メモリ16KBの青春がよみがえる。史上最短のロードノベルにして大人の青春小説!
語り手“ゲンさん”「胃袋だけは十年前と同じで老けてないのかな」
年上の友人・武上さん「クラウドってのは、なんなの。なんか、たまに聞くけど」
その引きこもりの甥シンスケ「昭和のオタクは、足だけは丈夫なんです」
人気漫画家の亀谷さん「すごくいい話ですね」――新幹線、自転車、バス、テスラに乗って、おかしな一行は旅に出る。
震災被害者の形見のMSXパソコンが過去と現在をつなぎ、思いもよらぬ光が未来を照らす。
イーロン・マスクやホリエモンにはならなかった、あのとき無数にいた「僕たち」の物語。
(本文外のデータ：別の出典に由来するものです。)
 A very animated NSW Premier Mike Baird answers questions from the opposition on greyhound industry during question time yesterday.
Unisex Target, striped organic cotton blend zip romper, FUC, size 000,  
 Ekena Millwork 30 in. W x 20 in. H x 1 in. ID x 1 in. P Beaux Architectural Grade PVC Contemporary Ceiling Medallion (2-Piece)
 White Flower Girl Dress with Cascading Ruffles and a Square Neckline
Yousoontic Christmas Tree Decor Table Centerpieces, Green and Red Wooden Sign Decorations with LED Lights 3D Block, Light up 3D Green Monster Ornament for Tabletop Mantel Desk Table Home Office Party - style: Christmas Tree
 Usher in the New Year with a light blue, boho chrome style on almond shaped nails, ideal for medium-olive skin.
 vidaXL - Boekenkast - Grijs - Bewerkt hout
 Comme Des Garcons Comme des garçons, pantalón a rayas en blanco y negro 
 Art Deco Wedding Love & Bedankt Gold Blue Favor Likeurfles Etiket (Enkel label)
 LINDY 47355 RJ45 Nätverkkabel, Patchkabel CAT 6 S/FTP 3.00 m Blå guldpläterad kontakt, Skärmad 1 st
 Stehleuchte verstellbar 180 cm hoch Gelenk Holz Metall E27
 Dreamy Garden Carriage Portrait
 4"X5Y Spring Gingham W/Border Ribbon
こういう言葉は使いたくないのだが、長嶋有の小説って「エモい」んだよな。思っていても口に出さないような気持ちをすくい上げてくれていて、「そうそう、そうなんだよ」と何度も言いたくなる。私は長嶋有よりも5歳年上だが、ソニーのHB-101のことは知らなかった。ただ、確か高校のときの友だちの家にはNECのPC98があった。私はパソコンおたくではなかったけど、同時代を生きた1人ではあったのだと思う。終わり方もいいね。